▶ [Activity]
Reproduce exactly the lines from the one that holds "karlaanqui1 online show" through the last line of the entries, both ends included, but not the pictures.
-- Source information follows --
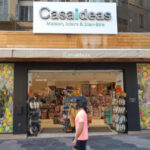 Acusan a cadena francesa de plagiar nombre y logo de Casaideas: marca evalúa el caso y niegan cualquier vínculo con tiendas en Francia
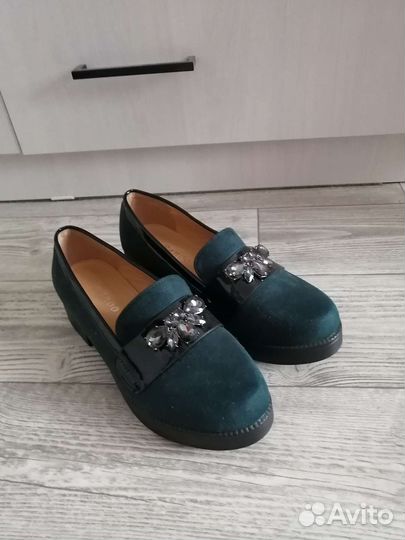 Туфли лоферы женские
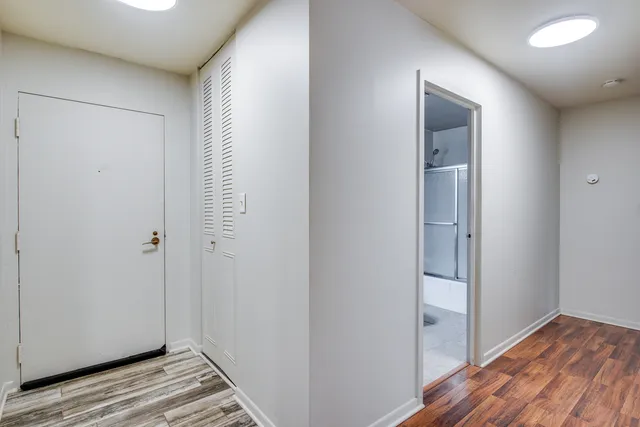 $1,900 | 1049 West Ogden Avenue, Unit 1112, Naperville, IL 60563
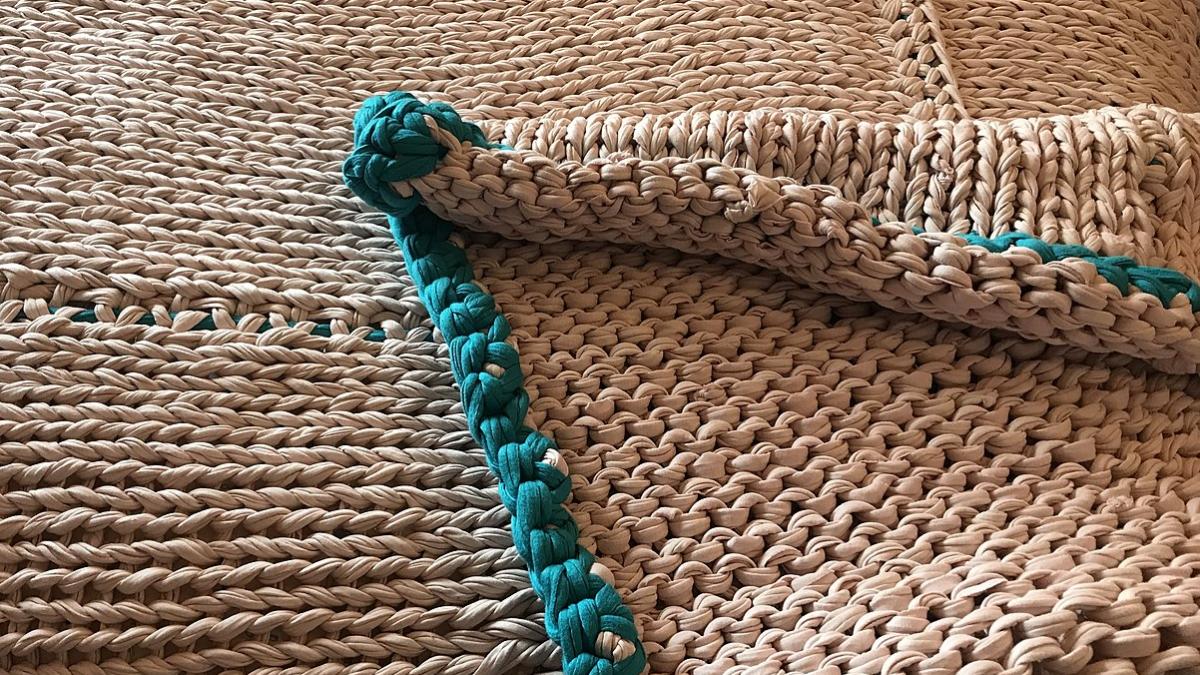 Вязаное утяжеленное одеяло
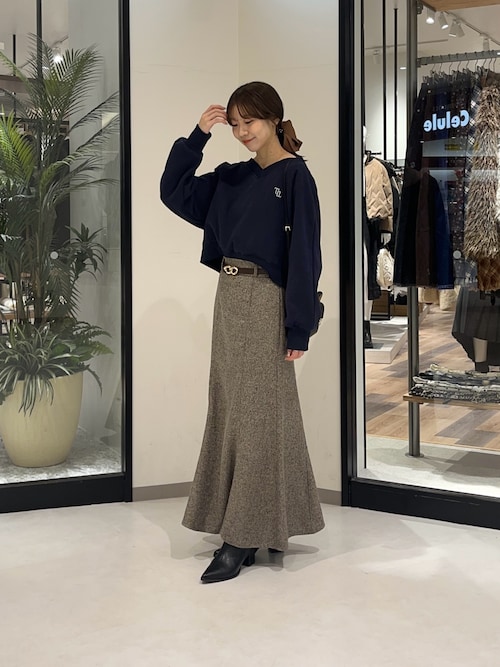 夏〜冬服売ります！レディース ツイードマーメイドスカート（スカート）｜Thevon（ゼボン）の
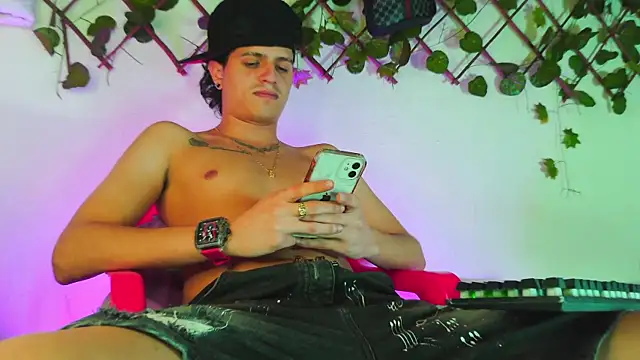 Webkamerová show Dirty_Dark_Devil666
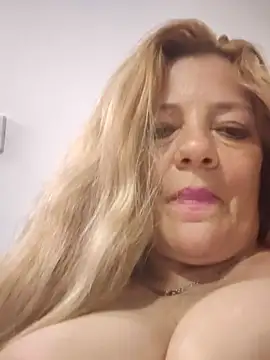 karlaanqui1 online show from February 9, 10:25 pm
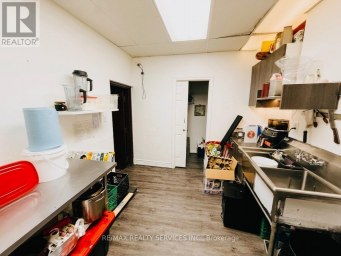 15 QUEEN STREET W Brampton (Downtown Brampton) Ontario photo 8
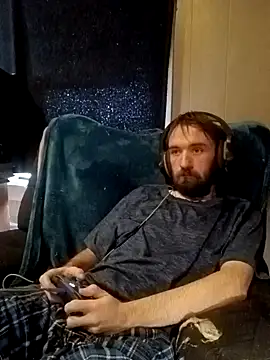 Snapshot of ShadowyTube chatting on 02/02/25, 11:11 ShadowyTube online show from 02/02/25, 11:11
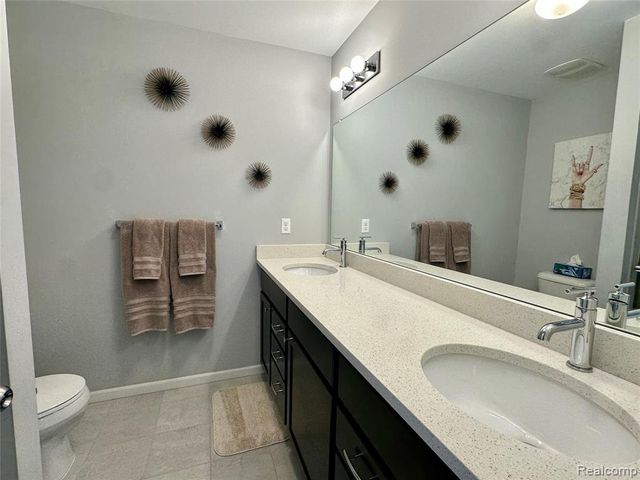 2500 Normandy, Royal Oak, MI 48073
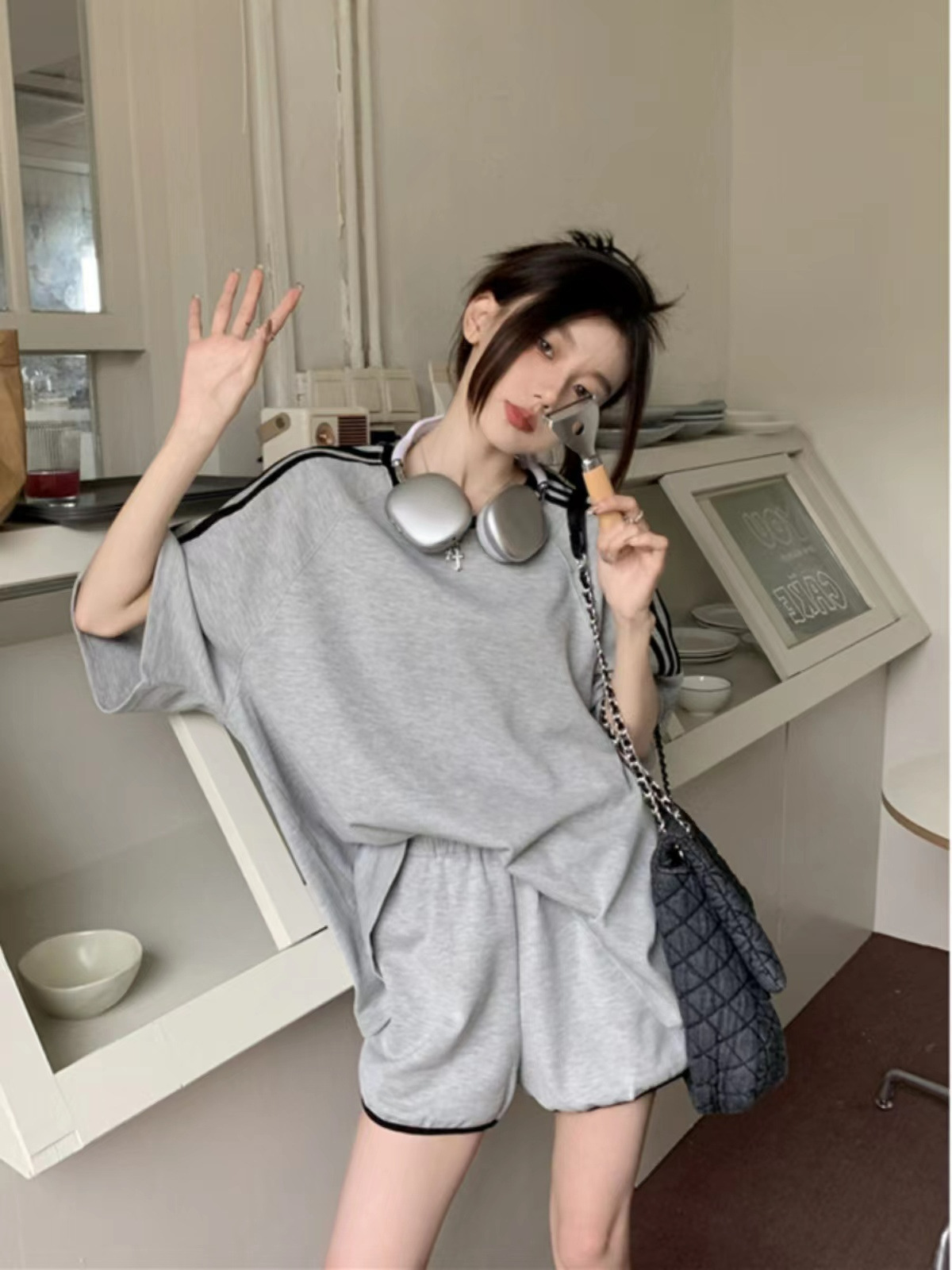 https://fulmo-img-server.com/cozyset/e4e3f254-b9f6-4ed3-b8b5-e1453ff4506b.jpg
-- Source information concluded --
▶ [Response area]
 karlaanqui1 online show from February 9, 10:25 pm
 15 QUEEN STREET W Brampton (Downtown Brampton) Ontario photo 8
 Snapshot of ShadowyTube chatting on 02/02/25, 11:11 ShadowyTube online show from 02/02/25, 11:11
 2500 Normandy, Royal Oak, MI 48073
 https://fulmo-img-server.com/cozyset/e4e3f254-b9f6-4ed3-b8b5-e1453ff4506b.jpg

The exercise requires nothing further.